▶ WHAT YOU SHOULD DO
Please transcribe the data that follows without the pictures, keeping every word the same.

======== PROVIDED DATA

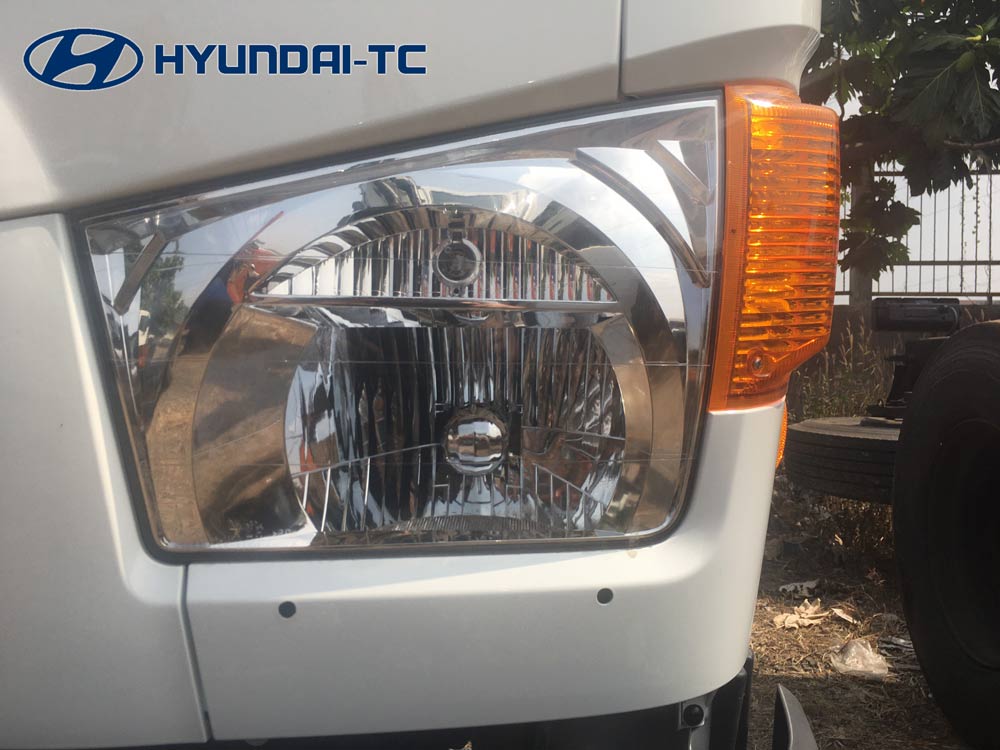 cum_den_pha_phia_truoc_xe_110xl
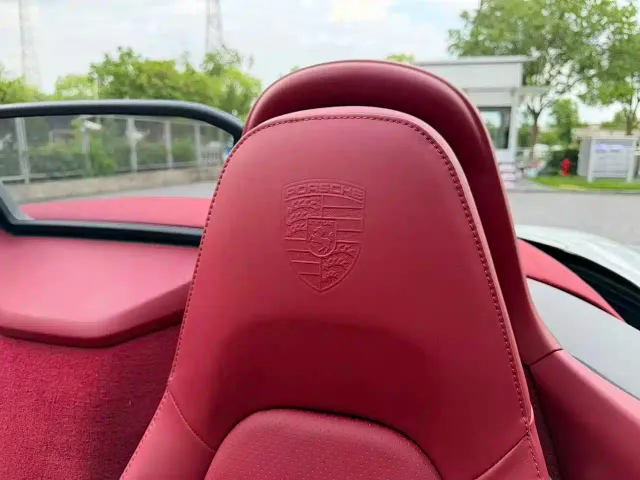 Porsche 718 — Фото автомобиля 12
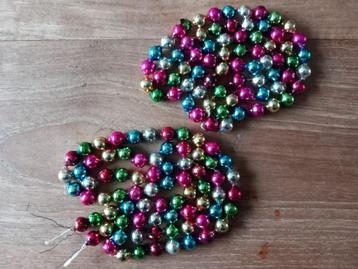 Vintage gekleurde kerstboomkettingen beschikbaar voor biedingen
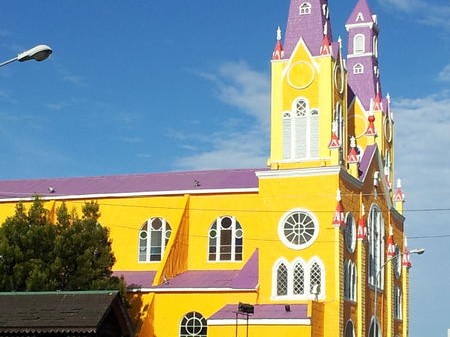 Iglesia de Castro es pintada con particulares colores en su fachada | Notas  | BioBioChile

================

▶ RESULT OF THE TASK
 cum_den_pha_phia_truoc_xe_110xl
 Porsche 718 — Фото автомобиля 12
 Vintage gekleurde kerstboomkettingen beschikbaar voor biedingen
 Iglesia de Castro es pintada con particulares colores en su fachada | Notas  | BioBioChile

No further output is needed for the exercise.